• Material for this exercise:
______
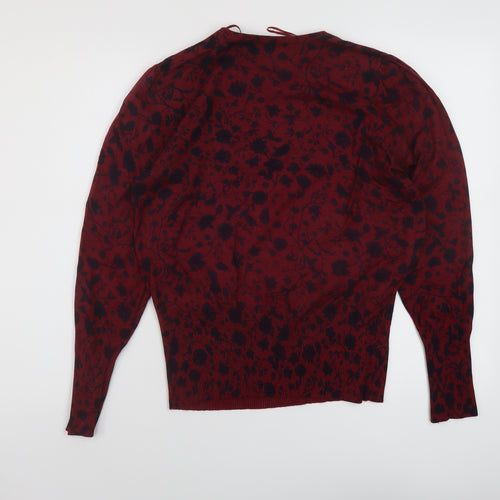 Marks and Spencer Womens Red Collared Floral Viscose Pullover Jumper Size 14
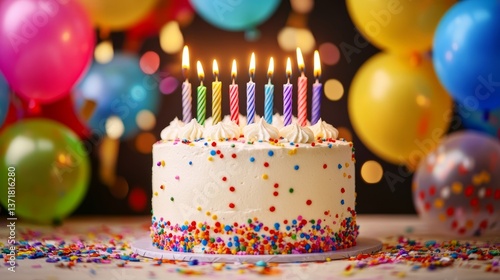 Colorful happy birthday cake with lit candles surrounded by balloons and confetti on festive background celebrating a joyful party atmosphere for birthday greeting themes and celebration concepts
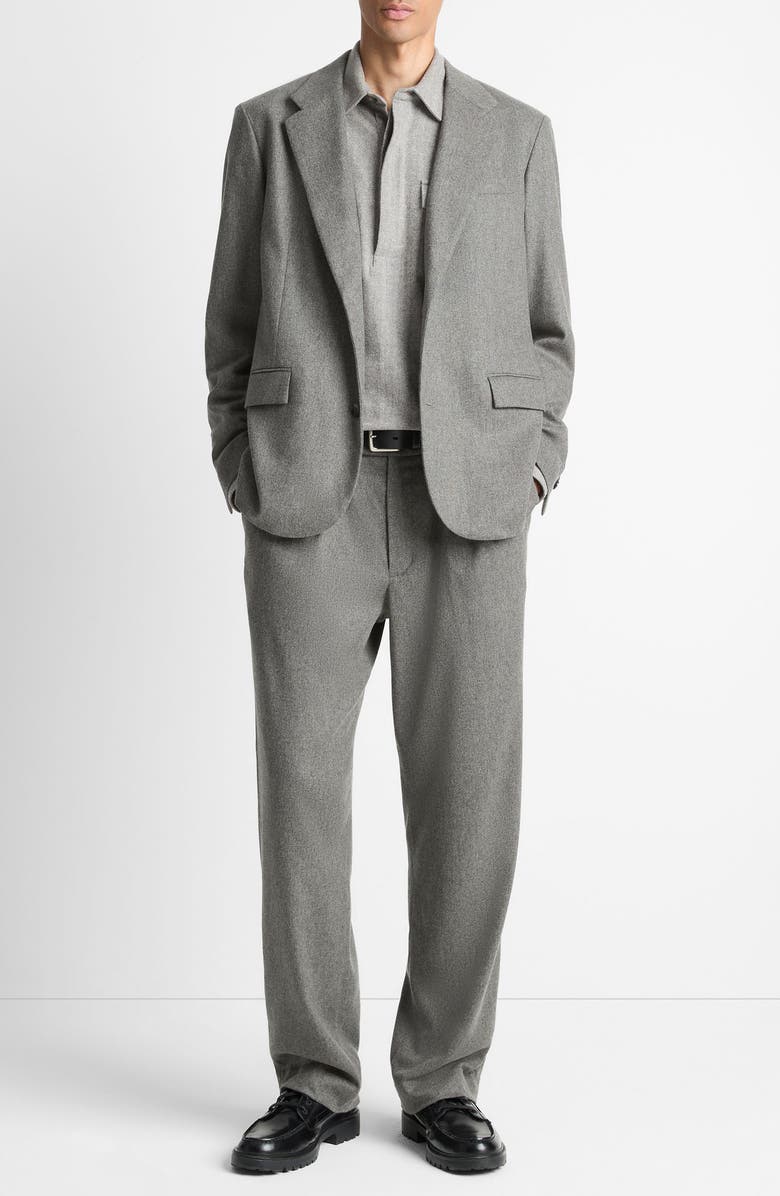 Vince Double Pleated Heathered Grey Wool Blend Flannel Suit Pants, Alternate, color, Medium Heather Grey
______
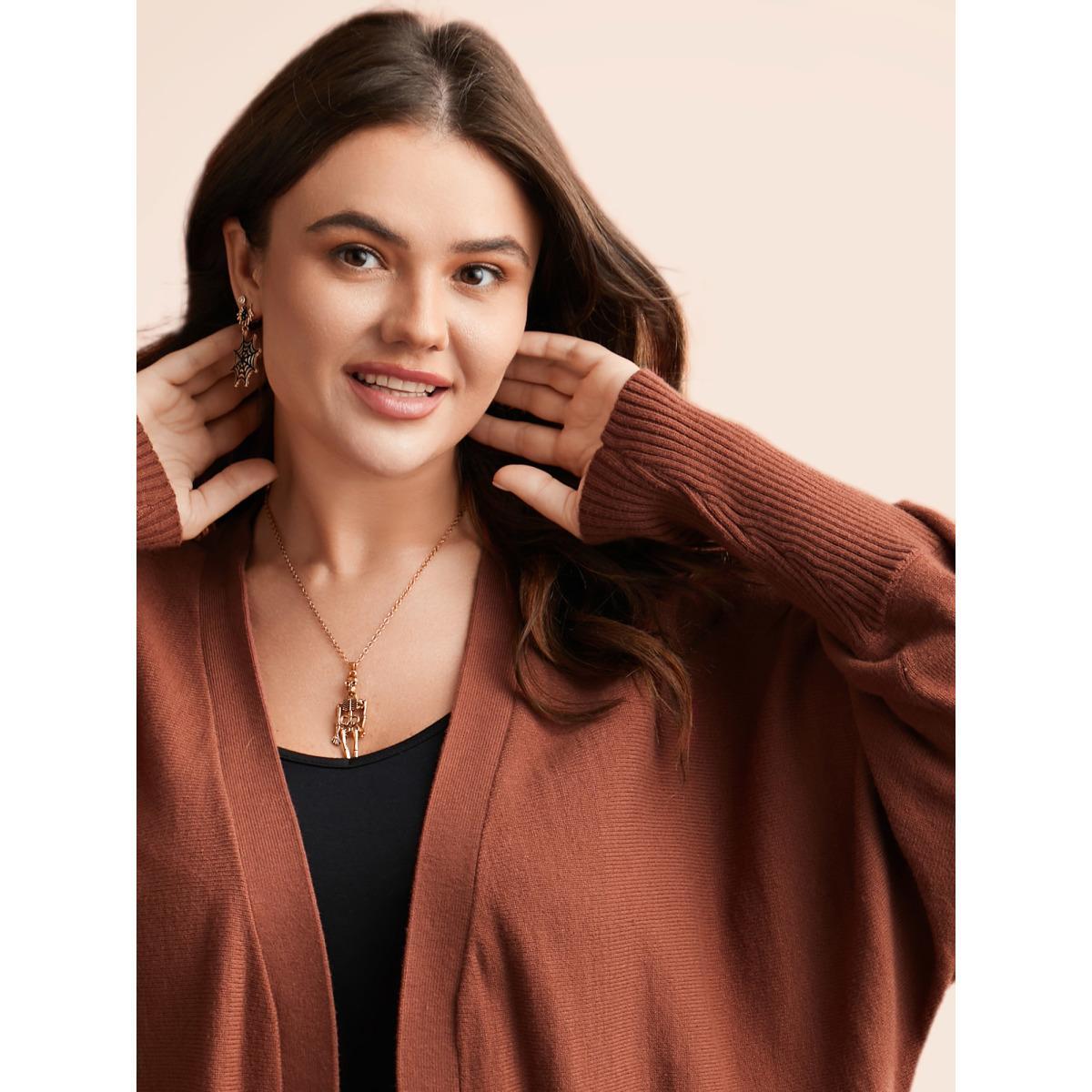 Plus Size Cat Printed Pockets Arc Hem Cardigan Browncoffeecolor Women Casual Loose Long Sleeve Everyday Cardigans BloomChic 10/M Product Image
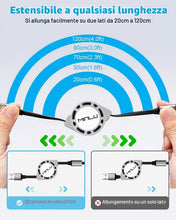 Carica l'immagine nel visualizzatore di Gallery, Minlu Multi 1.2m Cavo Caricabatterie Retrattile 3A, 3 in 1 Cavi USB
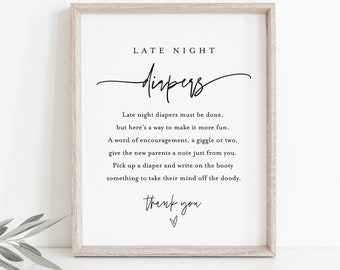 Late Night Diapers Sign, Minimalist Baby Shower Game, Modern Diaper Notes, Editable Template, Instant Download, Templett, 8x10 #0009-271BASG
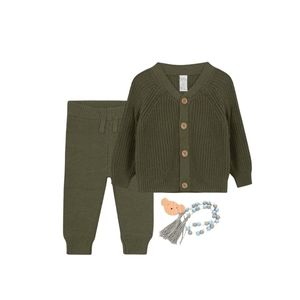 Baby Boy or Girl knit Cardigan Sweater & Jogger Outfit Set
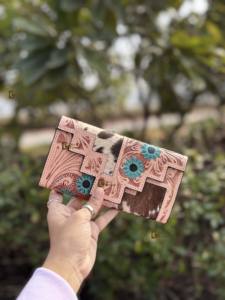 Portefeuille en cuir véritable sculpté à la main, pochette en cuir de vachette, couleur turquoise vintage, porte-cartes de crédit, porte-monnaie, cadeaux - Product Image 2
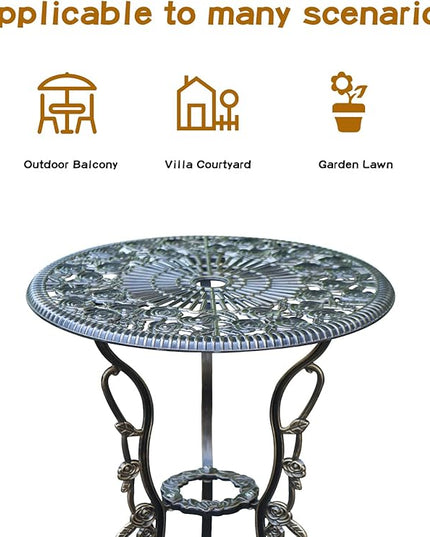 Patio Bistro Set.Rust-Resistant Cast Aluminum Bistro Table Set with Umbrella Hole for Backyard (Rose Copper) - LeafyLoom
______
• Exercise prompt:
Using the entries above, extract exactly the lines from the one that contains "Portefeuille en cuir" through the one that contains "Patio Bistro Set.Rust-Resistant". Do not carry over any pictures.

• Response to the task:
 Portefeuille en cuir véritable sculpté à la main, pochette en cuir de vachette, couleur turquoise vintage, porte-cartes de crédit, porte-monnaie, cadeaux - Product Image 2
 Patio Bistro Set.Rust-Resistant Cast Aluminum Bistro Table Set with Umbrella Hole for Backyard (Rose Copper) - LeafyLoom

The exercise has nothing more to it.